### WHAT TO DO
Could every line of the listing be output exactly, with the pictures skipped?

### SUPPLIED DATA
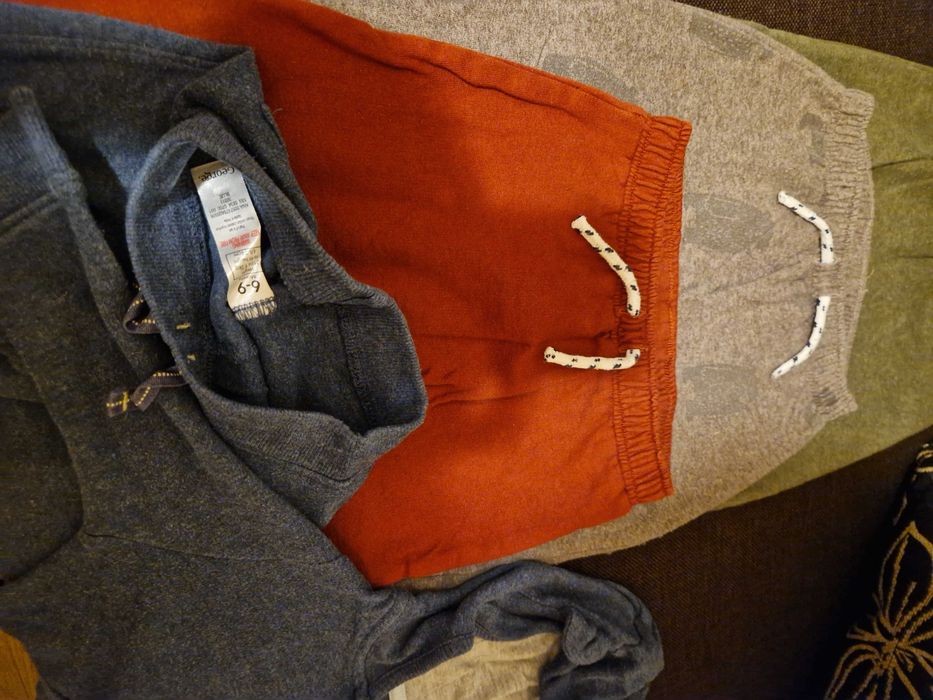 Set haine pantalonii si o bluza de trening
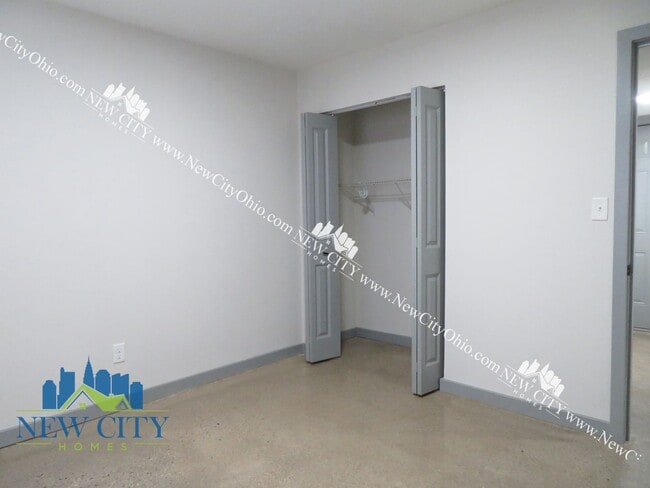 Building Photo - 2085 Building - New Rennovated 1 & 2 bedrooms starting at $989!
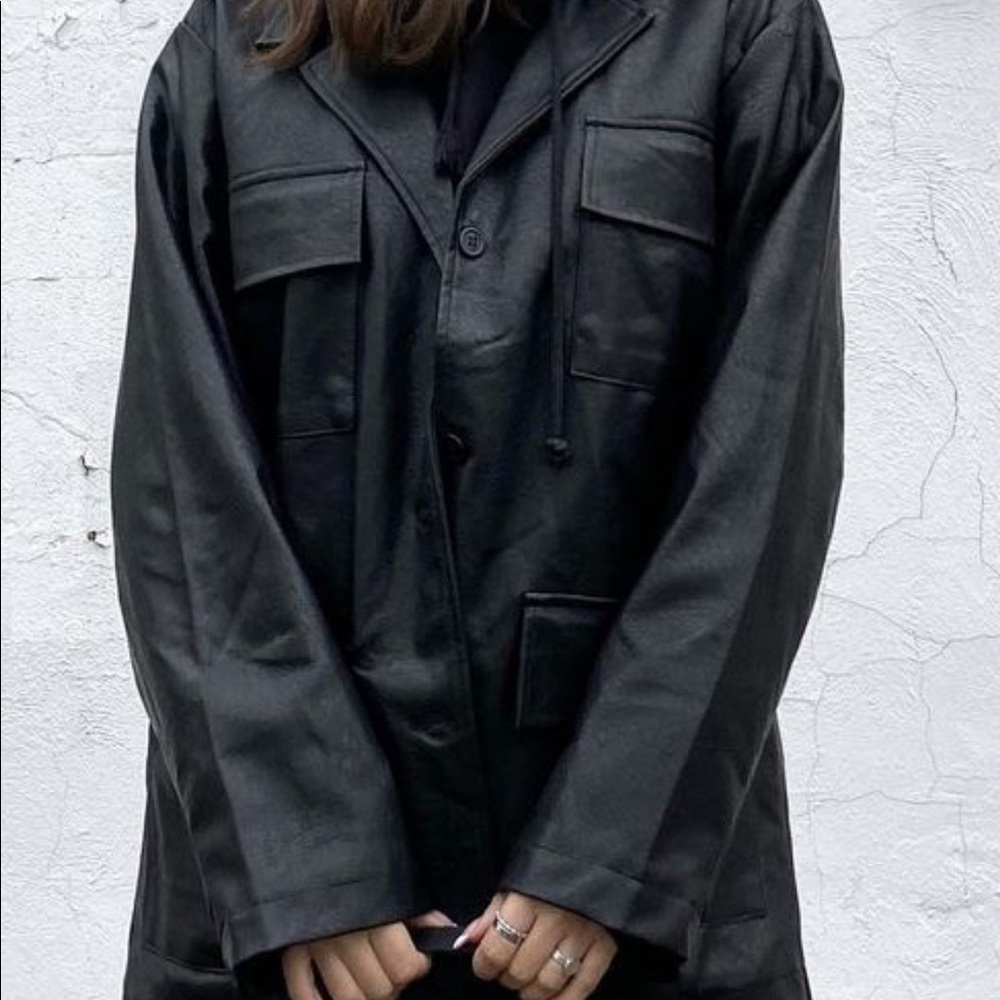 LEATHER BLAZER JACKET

### RESULT FOR THIS TASK
 Set haine pantalonii si o bluza de trening
 Building Photo - 2085 Building - New Rennovated 1 & 2 bedrooms starting at $989!
 LEATHER BLAZER JACKET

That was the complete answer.